To confirm whether the reversible redox process observed in the CV scans of [Ca(BH₄)₂]_0.05[N₀₇TFSI]_0.95 electrolyte corresponds to Ca metal deposition/dissolution processes, galvanostatic deposition was carried out at a constant current of 0.2 mA cm⁻² on a copper substrate. The gray-white deposit on the Cu electrode was collected for powder X-ray diffraction (PXRD) and scanning electron microscopy (SEM). The PRXD pattern of the deposit is shown in Fig. 4c. The dominant deposition product is Ca metal in the cubic phase, along with a small amount of Ca(OH)₂, which may generate from atmosphere contamination. It is worth to mention that Ca metal may have a propensity for dendrite formation.¹⁶ In fact, as shown in Fig. 4d, the SEM image of the Ca deposit reveals a dendritic morphology, which is distinctly differs from the smooth hemispherical morphology of the Mg deposit obtained from the analogous Mg(BH₄)₂/N₀₇TFSI electrolyte.³¹ Another point worth noting is that the coulombic efficiency of Ca plating and stripping process is only around 37% in [Ca(BH₄)₂]_0.05[N₀₇TFSI]_0.95 electrolyte, which indicates the redox process is accompanied by side reactions. Nonetheless, these side-reactions do not block the Ca plating and stripping processes. Thus, in contrast to the surface blocking TFSI⁻ fragmentation, the degradation products of the side-reactions occurring in the N₀₇TFSI-based electrolyte form a Ca-ion conductive SEI layer. The EDX analysis of the deposits obtained from the [Ca(BH₄)₂]_0.05[N₀₇TFSI]_0.95 electrolyte shows a significantly reduced fraction of F and S elements (2.0% and 1.4%, respectively), indicating that the unwanted TFSI⁻ anion decomposition is effectively suppressed (Fig. S5b, ESI†). Nevertheless, large amounts of C and O elements are evidenced, which appear to be the main components of the conductive SEI layer.

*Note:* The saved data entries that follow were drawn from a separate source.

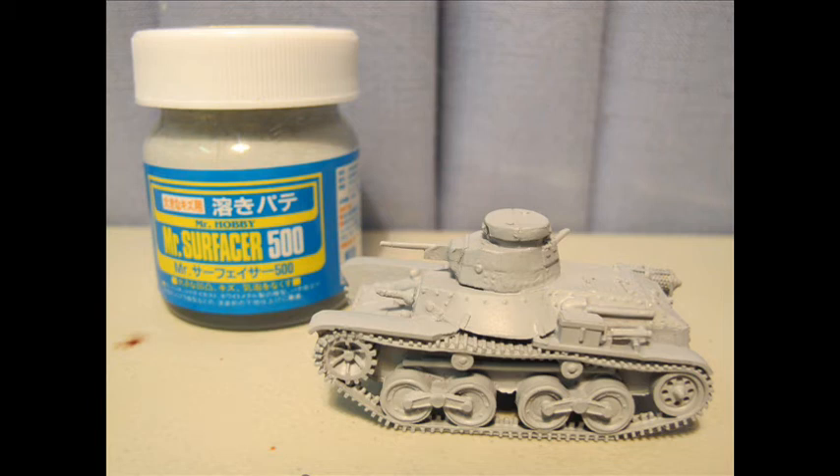First I used Mr Hobby Metal Etching Solution across the whole kit — just brushed on, it's that thin. This was followed by airbrushing Mr Surfacer 500. The surface was slightly pitted — not sure if that's intentional — but I just wanted to hide that a bit and achieve a slightly smoother surface.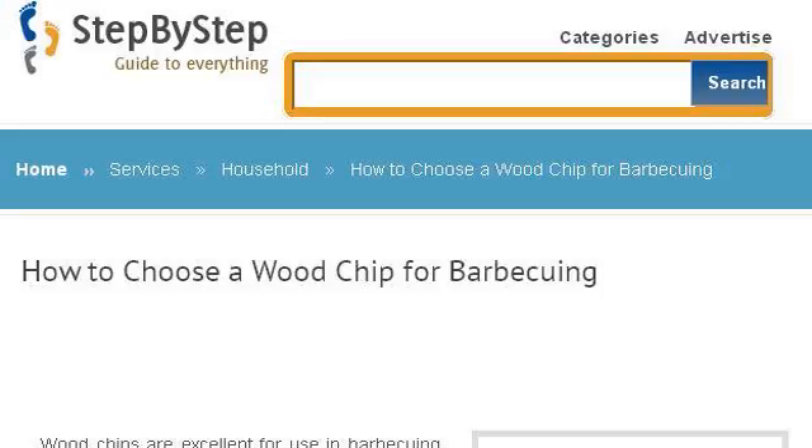Last but not least, try our third-ranked site www.stepbystep.com. The webpage is titled How to Choose a Wood Chip for Barbecuing, Step by Step. This is the link. Thank you.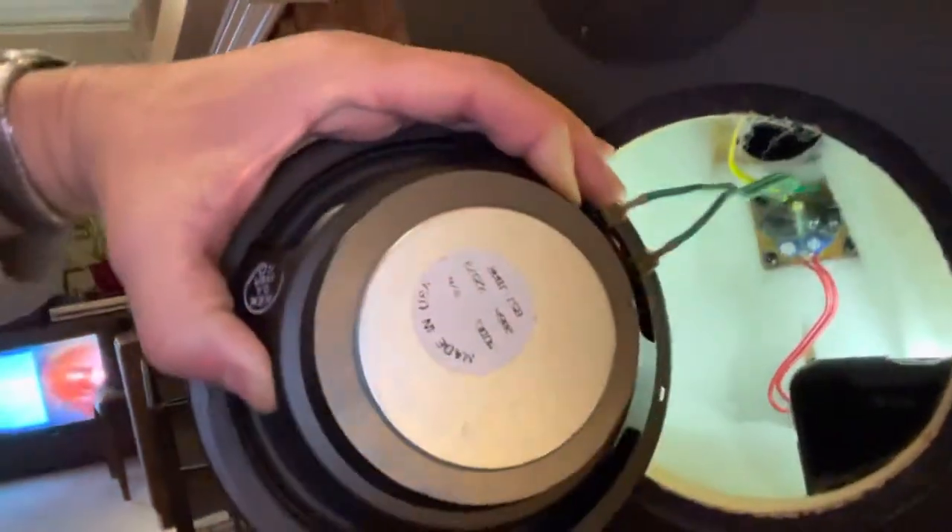Look at this — made in USA. Look at that monster. Stamped steel basket, paper cone, some kind of foam that somehow hasn't rotted out. It didn't deteriorate in 25 years. How is this possible? What kind of magic foam did they use? Super JBL foam. Good luck finding that anymore. Yeah, 90s JBL foam.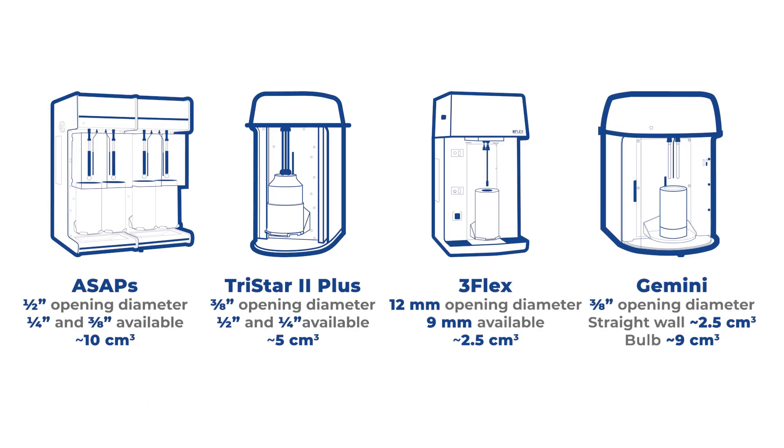Here's a list of different tube sizes with their respective sample capacity available for different instruments. The advantages of each instrument will be covered in more detail in tip number 10.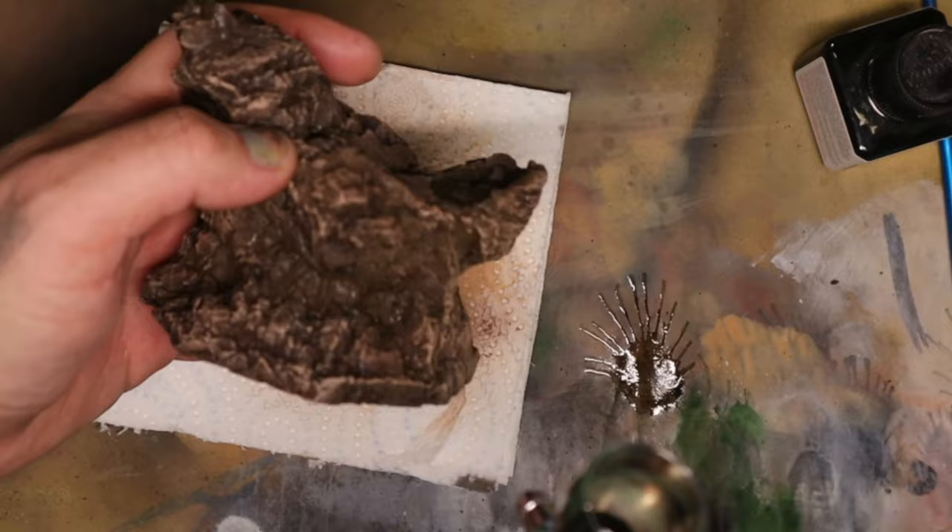I then needed to add some weathering to the armor. I used a light silver and went across most of the edges, adding dabs of paint to create a scuffed look — almost as if the paint on the armor had chipped. I dry brushed that same silver onto the gun, and that's where I called the body done.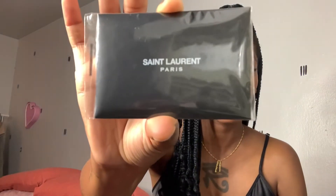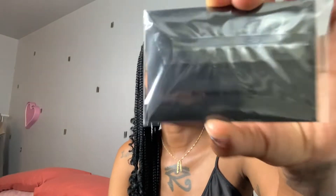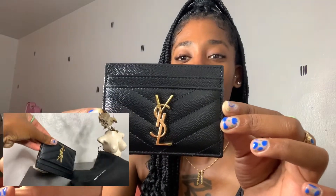It also comes with a card that says the name of the brand and that it was made in Italy, along with the price tag. You guys can look it up on any website to find out how much it was. So this is the credit card holder.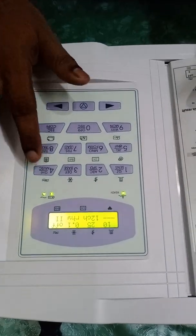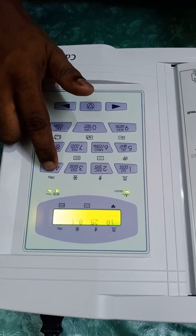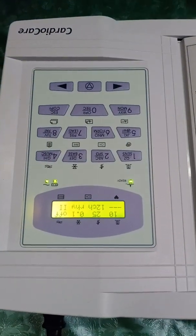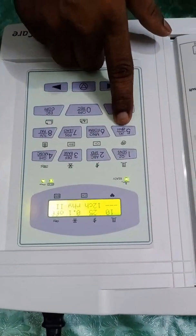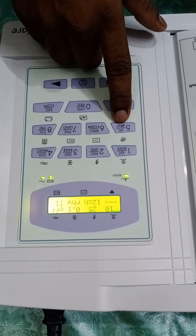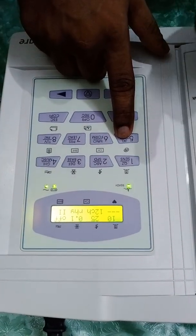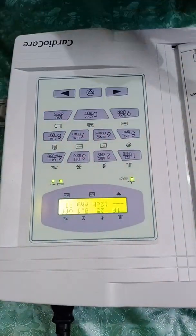This is the EMF filter. It is not that important because EMF can distort the ECG, so I am keeping it off. This next button, when you are connected to a LAN, will be used to export patient data. Since we have not connected anything to the LAN, I am leaving this option as is.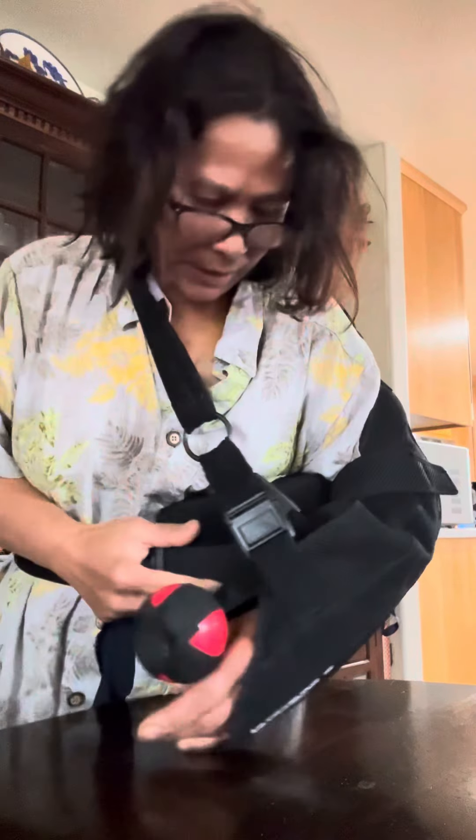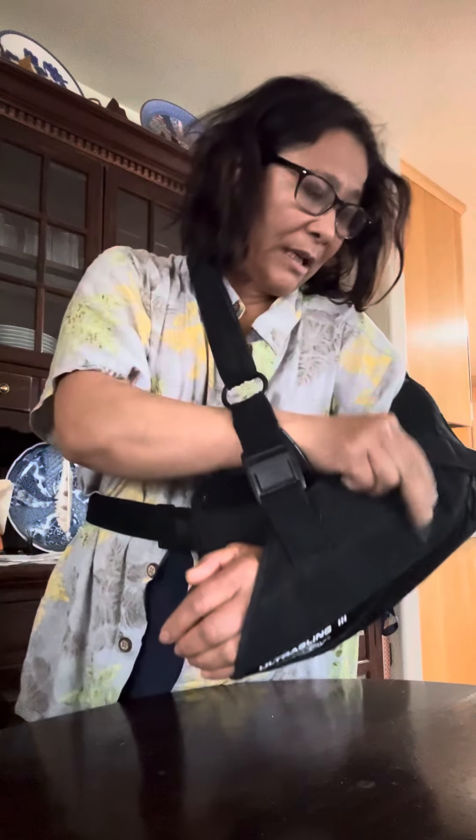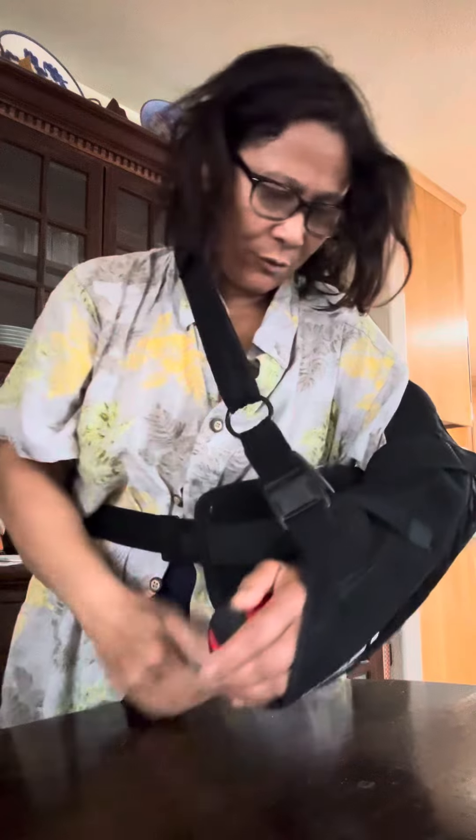I gotta find that belt so I can secure it to the back of my hip. There we go — I got my back hand secured to my body, and I'm back in control again. That's the only thing I can control. This was after I done my first spaghetti exercise. Later!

To gain further information on the plating process, the surface chemistry of the Ca deposit was characterized in detail by X-ray photoelectron spectroscopy (XPS). The XPS survey spectrum in Fig. S7 (ESI†) confirms the presence of large amounts of C and O and minor amounts of F, corroborating the EDX results mentioned above. Representative high-resolution XPS detail spectra including the corresponding fits are shown in Fig. 5. The Ca 2p detail spectrum (Fig. 5a) shows two features centered at 351.2 and 347.7 eV, which could correspond to the Ca or CaF₂ 2p_1/2 and Ca 2p_3/2 peaks.^42,43 In the C 1s spectrum (Fig. 5b), four peaks can be discerned at binding energies of 290.2, 288.1, 286.0, and 284.8 eV, which can be assigned to C̲–F, C̲–OO, C̲–O–C̲ and C̲–(C,H) groups, respectively.^44–46 The O 1s spectrum in Fig. 5c displays three obvious peaks located at 533.5, 532.3 and 531.2 eV, corresponding to the O=C–O̲, C–O̲–C and O̲=C–O groups, respectively, which is in agreement with the C 1s spectrum.^47,48 It should be mentioned that small features at binding energies corresponding to F̲–M (685.5 eV, Fig. 5d) and O̲–M (530.3 eV, Fig. 5c) were also observed, suggesting the existence of rather small amounts of the inorganic compounds CaF₂ and CaO in the SEI layer. It can be noticed that the C–O–C group is dominating the C 1s spectrum as well as the O 1s spectrum, which is a typical characteristic of poly(ethylene oxide)-like compounds.^44,45 Thus, based on the element content and surface chemistry analysis of Ca deposits obtained from the [Ca(BH₄)₂]_0.05[N₀₇TFSI]_0.95 electrolyte, we propose that the degradation products of Ca-ion speciation in this IL-based electrolyte form a protective SEI layer mainly composed of organic polyether chains. This organic-rich, but inorganic-poor SEI layer seems to be Ca-ion conductive enabling the Ca metal dissolution/deposition processes.^21,49

Fig. 5 X-ray photoelectron spectra of the Ca 2p (a), C 1s (b), O 1s (c), and F 1s (d) regions of deposits obtained from [Ca(BH₄)₂]_0.05[N₀₇TFSI]_0.95 electrolyte before (upper) and after 10 min sputtering (bottom).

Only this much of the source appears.